The first order of business was figuring out how to create a website. Michael and I found a book called Teach Yourself Web Publishing In A Week with HTML (Amazon) and started teaching ourselves how to cobble web pages together. It’s almost laughable now to look back on what was “state of the art” in 1995. Blinking graphics that seem hideous now were still cool…

We were all comfortable with the name “National Online Music Alliance” for the business. Being left-leaning, quasi-socialist types we were probably drawn toward the idea of an “alliance” – a notion that was probably planted in my head by (stolen from?) the organization called “Folk Alliance” which convenes an annual gathering of the community we were drawing on and hoping to contribute to.

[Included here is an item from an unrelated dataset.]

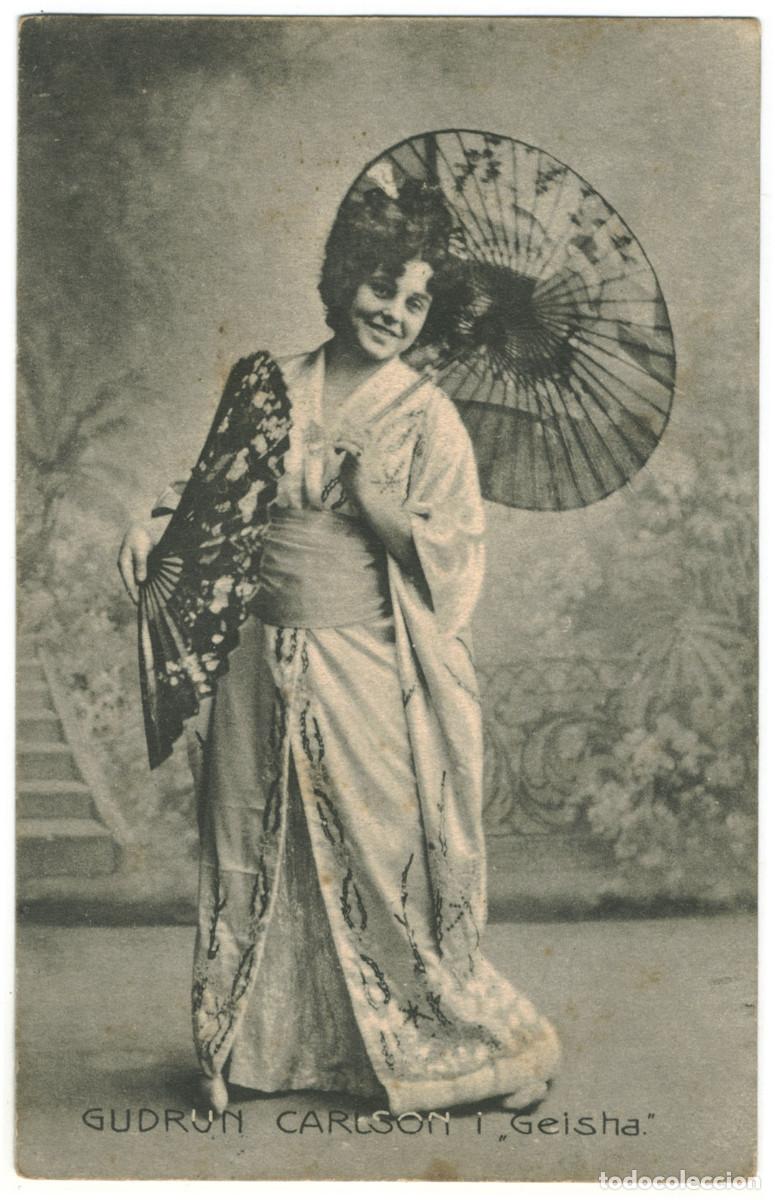 Postais: Postal actriz CARLSON, Gudrun_Paul Heckscher. 2305. As Geisha (1905)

As we learned how the web works, we knew that we would need a domain – a “dot-com” – on which to build the website.

One night in May of 1995, I visited the website for Network Solutions, which at the time was the primary source for securing domain names. I did a search for the acronym based on the name – “NOMA-dot-com” – and waited for the search results.

Remember "Bubble Lights"

Remember “Bubble Lights”

You can perhaps imagine my dismay when the search results returned with the news that the domain “NOMA-dot-com” was already registered. It belonged to an ornamental lighting company in Canada that made mostly Christmas tree lights – most notably the “bubble lights” that I remember so well from the Christmas trees of my childhood in the 1950s and 60s (yes, we were Jewish, it’s a long story, don’t ask…I”m trying to stay focused here!).

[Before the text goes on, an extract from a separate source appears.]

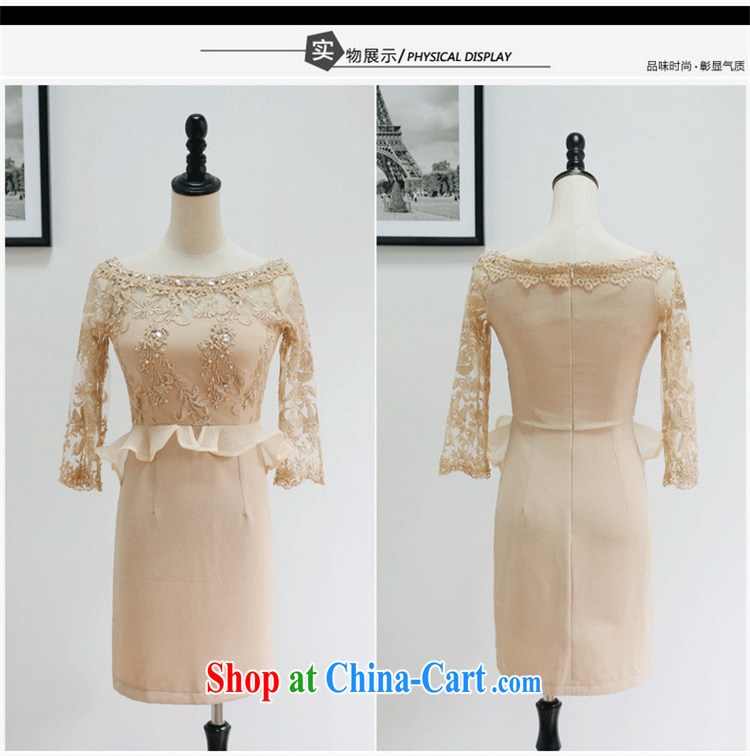 Abundant Ming Ching Ching with embroidered yarn Web parquet drill flouncing skirt dresses women dresses 2015 spring and summer New Picture Color L pictures, price, brand platters! Elections are good character, the national distribution, so why buy now enjoy more preferential! Health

“Oh jeez,” I thought, “what on earth will we do since that domain is taken?”

And then, I swear, the heavens opened and a chorus of angels sang, “try ‘SONGS-dot-com.”

Ooh. I really liked that idea. Fingers shaking, I typed that domain into a search field, and then waited nervously as the result trickled back at the blisteringly slow pace of 2400-baud.

The name was available. What would eventually become one of the most enviable five-letter domains on the whole Internet was available – in the spring of 1995 – for a whole $35.

I grabbed it.

Shortly therafter Michael and I started building web pages. But neither of us had enough computer skills to create a secure shopping cart, so we had to hire a programmer from Vanderbilt to create a script so that we actually could sell CDs from the website. I don’t remember his name now but I do remember that that’s where most of our $750 seed money went.

One of the first "NOMA" logos, ca. 1996.

The first “NOMA” logo. The site offered “Local Music for a Global Audience.”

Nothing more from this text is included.